Vacuum birefringence in strong magnetic fields: (II) Complex refractive index from the lowest Landau level

• Vacuum birefringence and photon decay are described by the complex refractive index.
• Resummed photon vacuum polarization tensor in the lowest Landau level is used.
• Back reactions from the distorted Dirac sea are self-consistently taken into account.
• Self-consistent treatment drastically changes structure in photon energy dependence.
• Dependences on photon propagation angle and magnetic-field strength are presented.

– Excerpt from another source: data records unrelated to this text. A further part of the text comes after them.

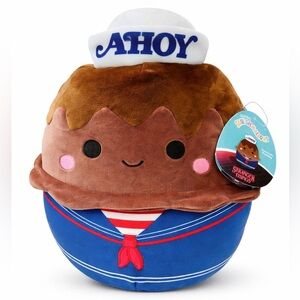 Squishmallows Stranger Things Ahoy Chocolate Pudding Plush 10” NWT
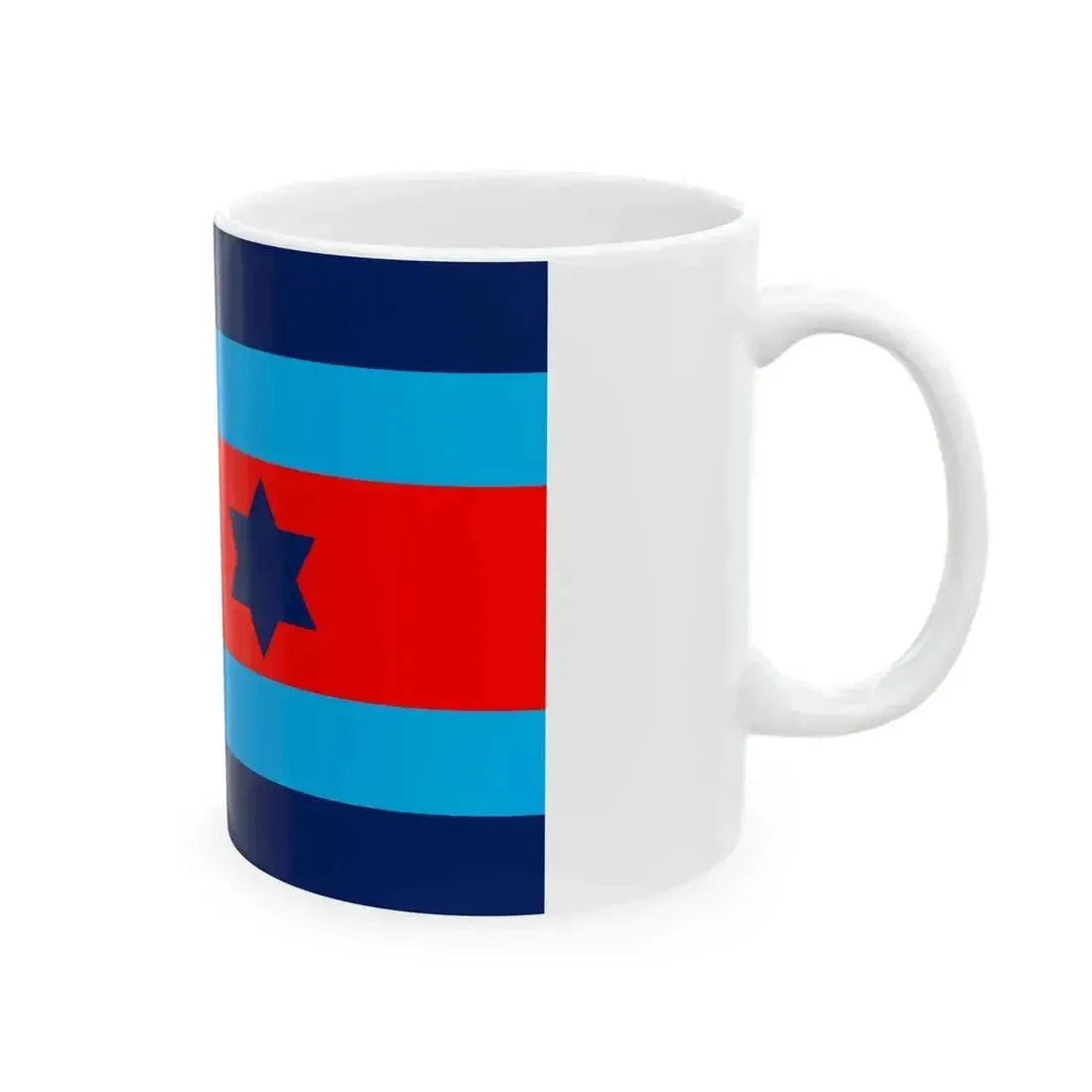 Australian O8 Air Vice Marshal Officer Distinguishing Flag (Australia) White Coffee Mug - Go Mug Yourself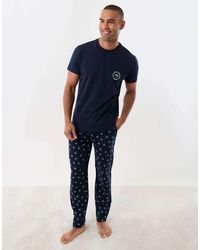Threadbare - Embroidered Coffee Club Pyjame Set - Lyst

We compute the refractive indices of a photon propagating in strong magnetic fields on the basis of the analytic representation of the vacuum polarization tensor obtained in our previous paper. When the external magnetic field is strong enough for the fermion one-loop diagram of the polarization tensor to be approximated by the lowest Landau level, the propagating mode in parallel to the magnetic field is subject to modification: The refractive index deviates from unity and can be very large, and when the photon energy is large enough, the refractive index acquires an imaginary part indicating decay of a photon into a fermion–antifermion pair. We study dependences of the refractive index on the propagating angle and the magnetic-field strength. It is also emphasized that a self-consistent treatment of the equation which defines the refractive index is indispensable for accurate description of the refractive index. This self-consistent treatment physically corresponds to consistently including the effects of back reactions of the distorted Dirac sea in response to the incident photon.